One could say that this was the meaning of the ‘return’ of internal border checks in the EU, as a shift from the management of migrant flows and the shaping of them as economic subjects to the deterrence of ‘illegal’ migration – migration not managed through the targeted visa application processes (which, themselves, are becoming more restrictive) but born from the desires and needs of migrants themselves.

To understand this change, we have to remember that borders rarely aim to entirely stop the movement of people that cross them; they modulate the flows, filter them and shape them to the needs of the economy making people more or less precarious, more or less illegal, more or less dependent.

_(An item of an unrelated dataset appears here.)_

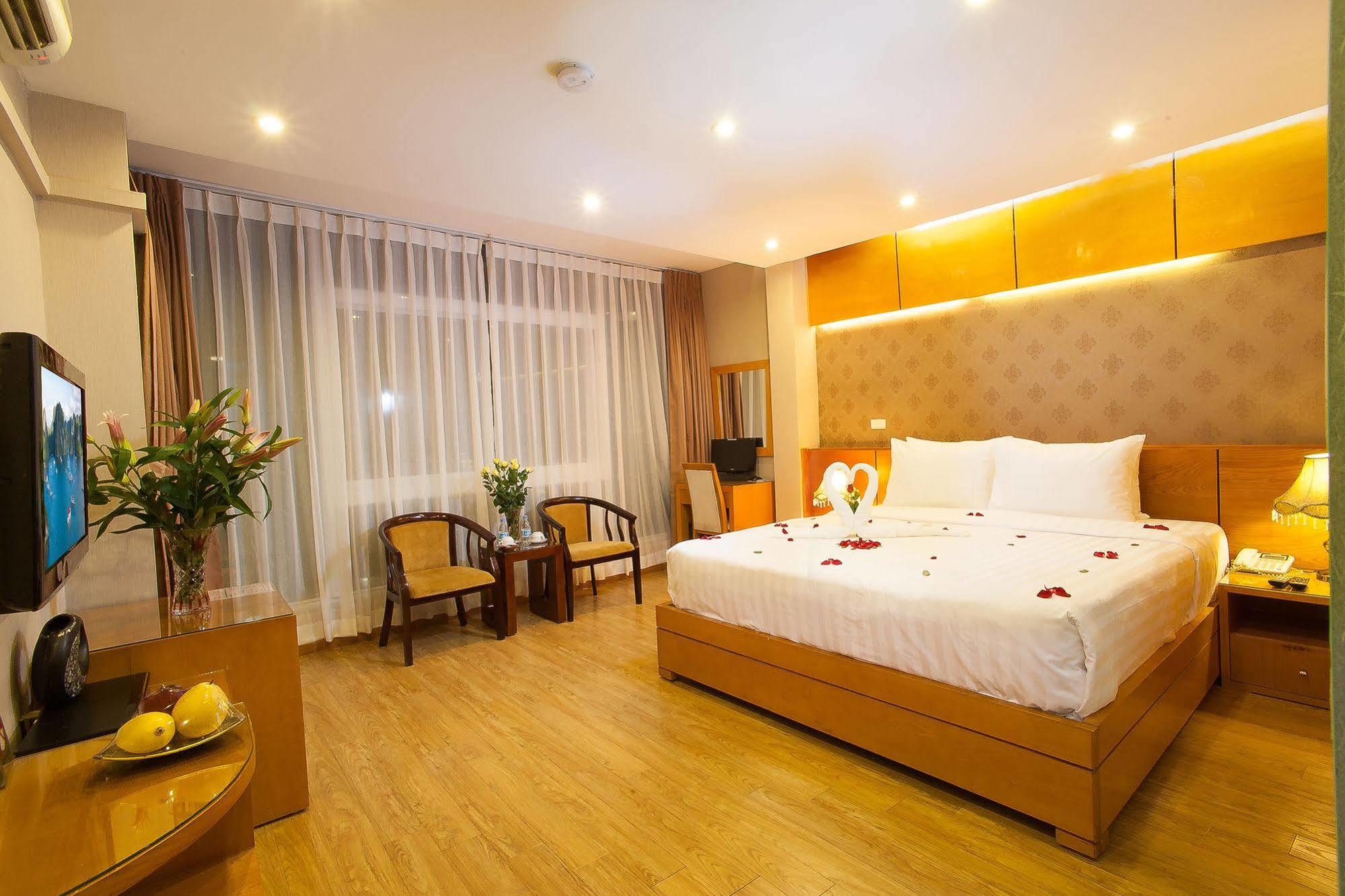 Hotel Lotus Boutique Hanói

Borders, like the world of high finance and international banking, both tolerate and need a certain level of illegality, a certain shade of grey to operate.

Like the movement of speculative capital, the flow of bodies without papers into the EU during the boom years helped generate spectacular profits and rising affluence for a section of the European professional classes by creating a cheap workforce that both reduced the cost of production through lower wages and increasingly took on the task of reproducing the ‘local’ population through care work, health and beauty services, sex work and industries like the cleaning and food processing industries.

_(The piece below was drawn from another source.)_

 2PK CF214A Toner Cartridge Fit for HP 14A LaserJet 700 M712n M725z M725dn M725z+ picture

This is not to say that everyone benefited – clearly they did not. ‘Illegal’ migrants are specifically used to hold down wages and undermine established working conditions. But, as has been amply catalogued elsewhere, without the tolerated illegality represented by these migrants, the boom would not have occurred (at least not in anything like the same way).


With the financial crisis all this changed. The end of the neo-liberal boom in 2008 caused both temporary and permanent unemployment to rise. Not just in Europe but globally, as the cost of basic goods like fuel and food skyrocket and national economies collapsed. It is this increasing surplus humanity that can be seen not just in the geography of the world’s slums and refugee camps, but can be traced in the figures of higher unemployment, changes to the social wage that eject people from the labour market and the rise of increasing numbers of ‘NEETs’ in Europe ‘not in education, employment or training’

Europe now has to contend with a surplus humanity within its own borders – a humanity surplus to its economic needs. There is not sufficient work to control these people, let alone those who cross into Europe looking for work. It is this that is at the heart of the transformation of the border regime. From the refugee camps and slums of the global South, a surplus humanity is moving. They are joined now by a rising surplus population within Europe – from the ghost towns of 80s, the marginal suburbs of the cities and the swelling ranks of the young without hope. Europe, as a project, cannot manage both. And so it chooses to sacrifice those ‘without’ Europe in the waves of the Mediterranean as they ultimately are less of a threat. Greece looms over Europe as an example of a population enraged, as an image of collapse both of the economic processes of Europe and its governance. So Europe exports the problem of ‘being surplus’ to places of lower social cost.

We can see then that this surplus humanity – inside and out – is the real threat to Europe; as much a threat as stuttering financial flows and bad debts. At the same time, the rise in hate can be seen as a violent recognition of the coming end of economic security and social mobility, and a retreat to those imaginary collectives and solidarities that offer some hope for security, however false. There can be no fair migration regime in this moment. Nor will there be a return to hope. For many their life has become superfluous to the needs of capital, and only containment or death awaits the ever-growing number of  people left behind. Abandonment has become a general condition of life in Europe. On both sides of the border, people are already being managed by being cast aside. But abandoned by economics, all that is left is politics. The very question of life itself has become central – what is a life worth living, where, with whom and who has the right to grant or deny it? Or, more importantly, who has the power to deny it and what sort of struggle is required to create such a right?